Przed rokiem na Harendzie w slalomie gigancie i slalomie triumfowała właśnie Chyla z Uniwersytetu Jagiellońskiego w Krakowie. Natomiast wśród mężczyzn największe powody do radości mieli reprezentanci Politechniki Krakowskiej. W slalomie gigancie najlepszy był Paweł Jaksina, a w slalomie zwyciężył debiutant – Błażej Budz.
Zwycięzcy z Harendy odegrali też główne role w finale AZS Winter Cup. W decydujących zawodach zwyciężyli Budz i Chyla, którzy byli najlepsi zarówno w slalomie gigancie jak i slalomie. Oni też wygrali w klasyfikacji dwuboju i otrzymali od partnera zawodów – Toyoty W&J Wiśniewski samochód osobowy w użytkowanie na trzy miesiące. W tym sezonie na najlepszych również będzie czekał samochód.
– W tym sezonie mam już parę startów na arenie międzynarodowej, aczkolwiek na te na Harendzie czekam z niecierpliwością, bo lubię ten stok. Tym bardziej, że rok temu były tam jedne z lepszych warunków, tak więc nie pozostaje nic innego, jak mieć nadzieję, że w znów będzie tak samo. Jeżeli chodzi o konkurencję, to nie mam ulubionej, każda wygrana jest super i fajnie się jej doświadcza. W zeszłym roku byłem zaskoczony moją formą gigantową, tak więc zobaczymy, co będzie w tym sezonie – powiedział Błażej Budz, którymw tym sezonie reprezentował będzie barwy nowej uczelni – UJ Collegium Medicum.

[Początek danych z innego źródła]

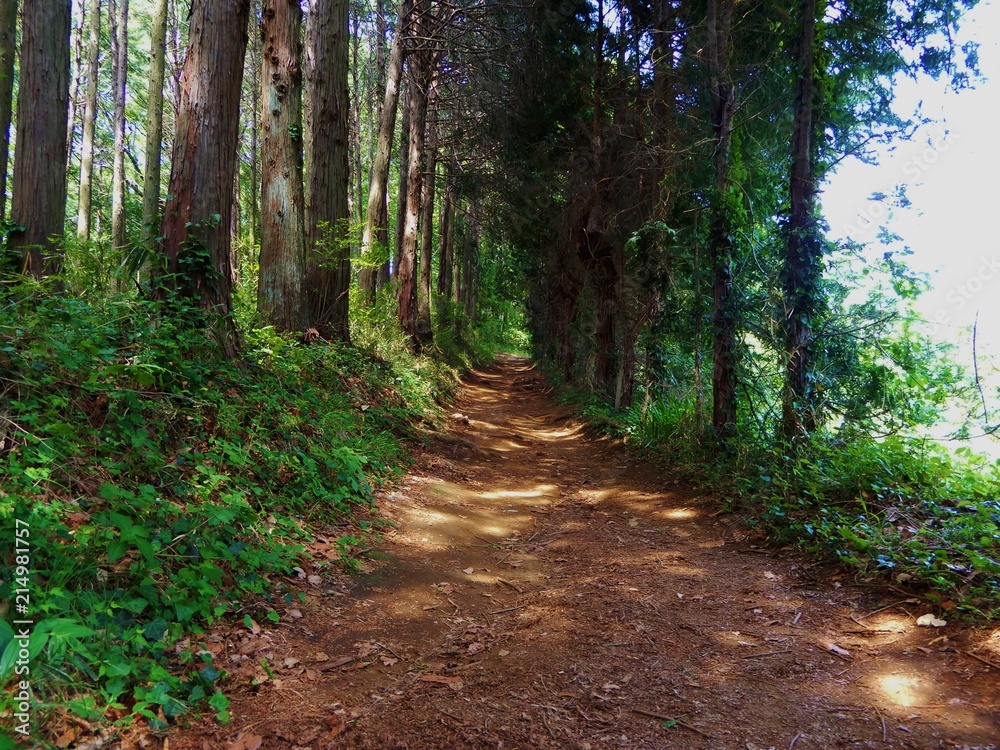 Obraz premium 山道 弘法山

Inauguracja cyklu AZS Winter Cup odbędzie się 22 grudnia na stoku Harenda. Na godzinę 8:30 planowane jest oglądanie trasy. O godzinie 9 rozpocznie się slalom gigant. Natomiast o godzinie 12 rozpocznie się salom. Ceremonia dekoracji planowana jest na 15.
Głównym organizatorem wydarzenia jest Akademicki Związek Sportowy Warszawa. Projekt jest współfinansowany ze środków Ministerstwa Sportu i Turystyki i m.st. Warszawa. Sponsorem techniczny jest Nordica Polska, UYN i Dainese. Partnerami są Grupa PZU, Toyota W&J Wiśniewski, Snow & More Magazyn, skifoto.pl, Reklawiz, Stalkant FM, Przegląd Sportowy, Onet.